Molas insists on one of the measures (50 in total) that the Tourism Board has sent to all political parties in view of the new legislature. “The tourism PERTE, which we estimate at around 12,000 million, is essential to undertake reconversions in the provision of services and attention to sustainability measures,” says the president of the organization. And in the most immediate effects, Millan, from ForwardKeys, rules out large movements of tourists: “We do not see an effect of cancellations as a result of heat waves, and in the fires in Greece we have seen a wave of cancellations to Rhodes, but It has lasted as long as the crisis lasted. Once exceeded, the demand has risen in a matter of days ”, he affirms.

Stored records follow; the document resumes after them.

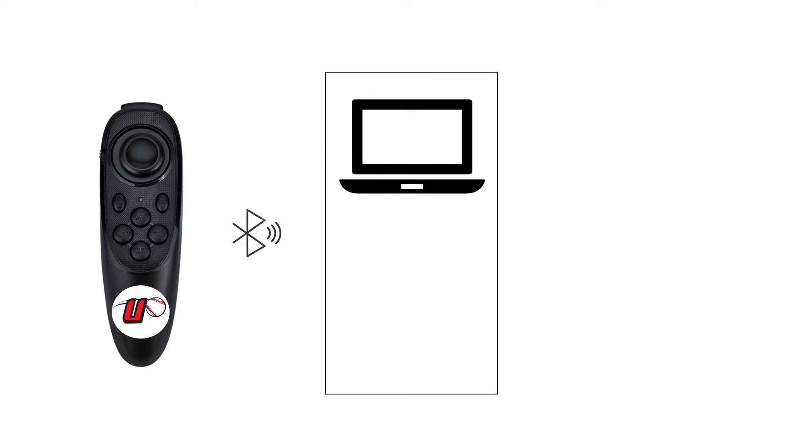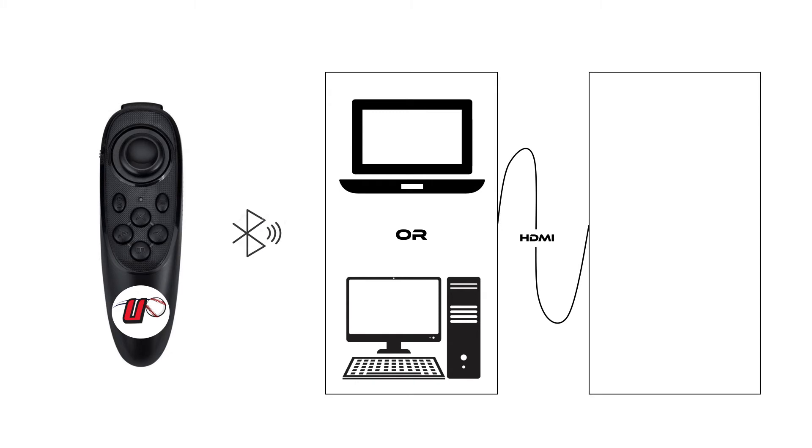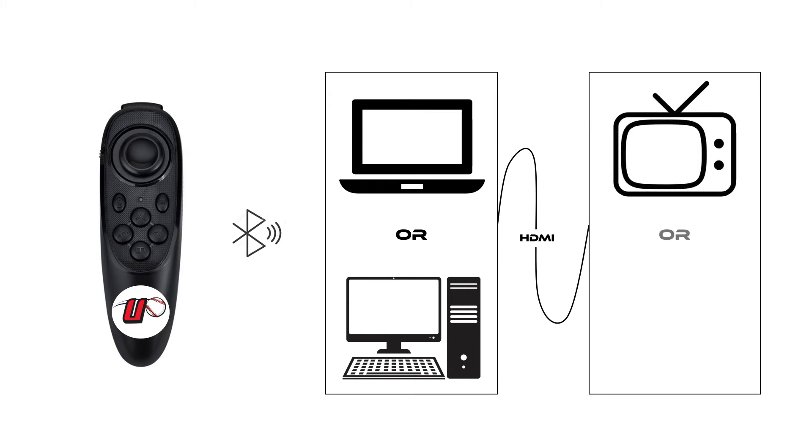Your U-HIT virtual game remote wirelessly connects with Bluetooth to either your laptop or your desktop running the U-HIT software. From there, an HDMI cable can make a more immersive U-HIT experience on your TV or on a projector.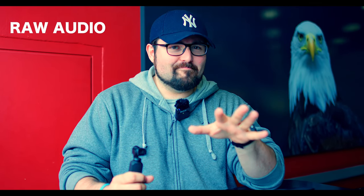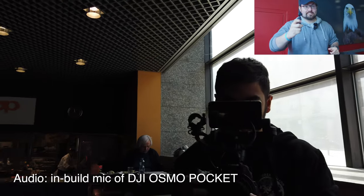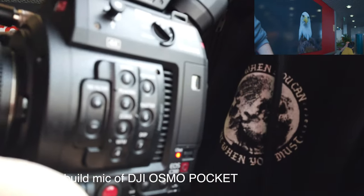We have the Rode Wireless Go attached to a Canon C200. I know some of you will not believe it, that's why I have my Osmo Pocket here — the tiny camera compared to this big rig. And here you can clearly see that we're filming on a C200.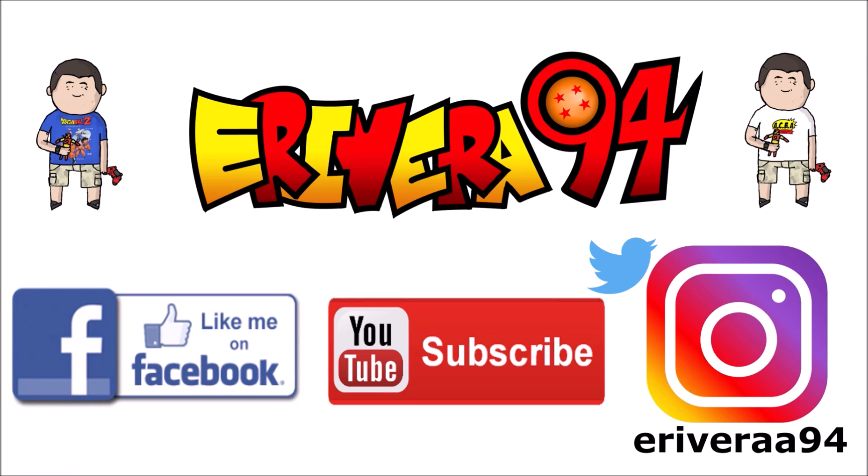Hey guys, be sure to like me on Facebook and follow me on Instagram for extra content you won't see here. Click the links in the description below.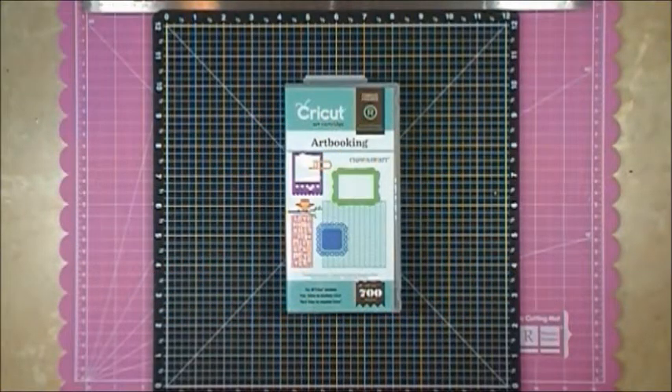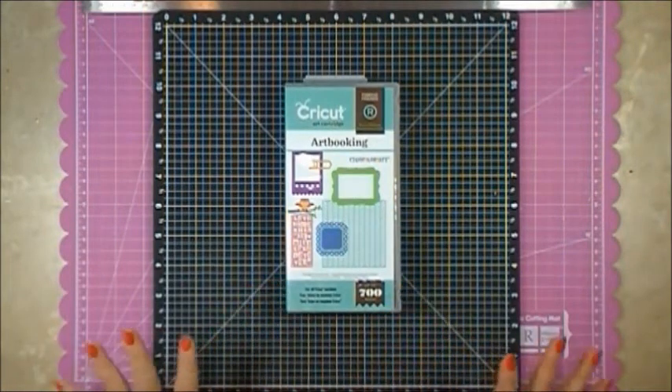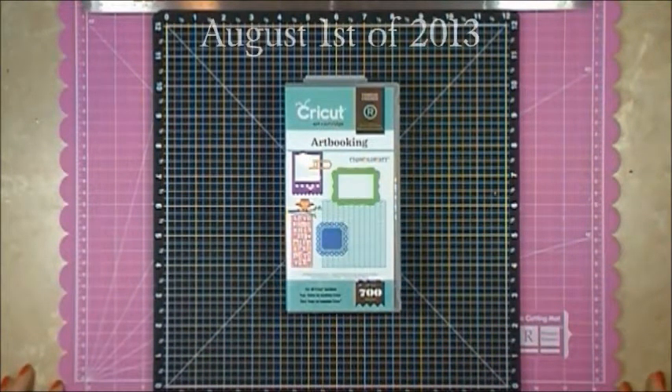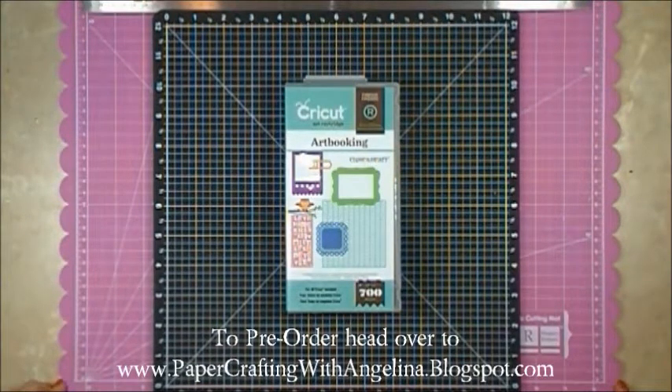Hello and welcome to Paper Crafting with Angelina. Today I want to show you what you get with the Art Booking Cricut cartridge from Close to My Heart. I am so in love with this new cartridge — it will be released August 1st of 2013. If you'd like to pre-order, you can head over to my blog and I will put a link down at the bottom.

In short, a summer campaign that, beyond the expectation of a record, is being normal, which is not little. This is how hoteliers like Toni Mayor, former president of the Valencian employers’ association Hosbec and owner of a chain with 11 establishments in Valencia and the Alicante coast, perceive it. “There is so much data that in the end you don’t know who to listen to,” he recounts by phone from his native Benidorm, “we are having a season with better results than last year and better than in 2019, but it will depend on the hotel, the product and destiny”. In the tourist mecca of the Costa Blanca “the feeling is of a good season in capital letters”, although the nose of the veteran hotelier points out that visitors spend in the destination with less joy than last year: “There is not so much seafood, but the sardines they go flying ”, he sentences.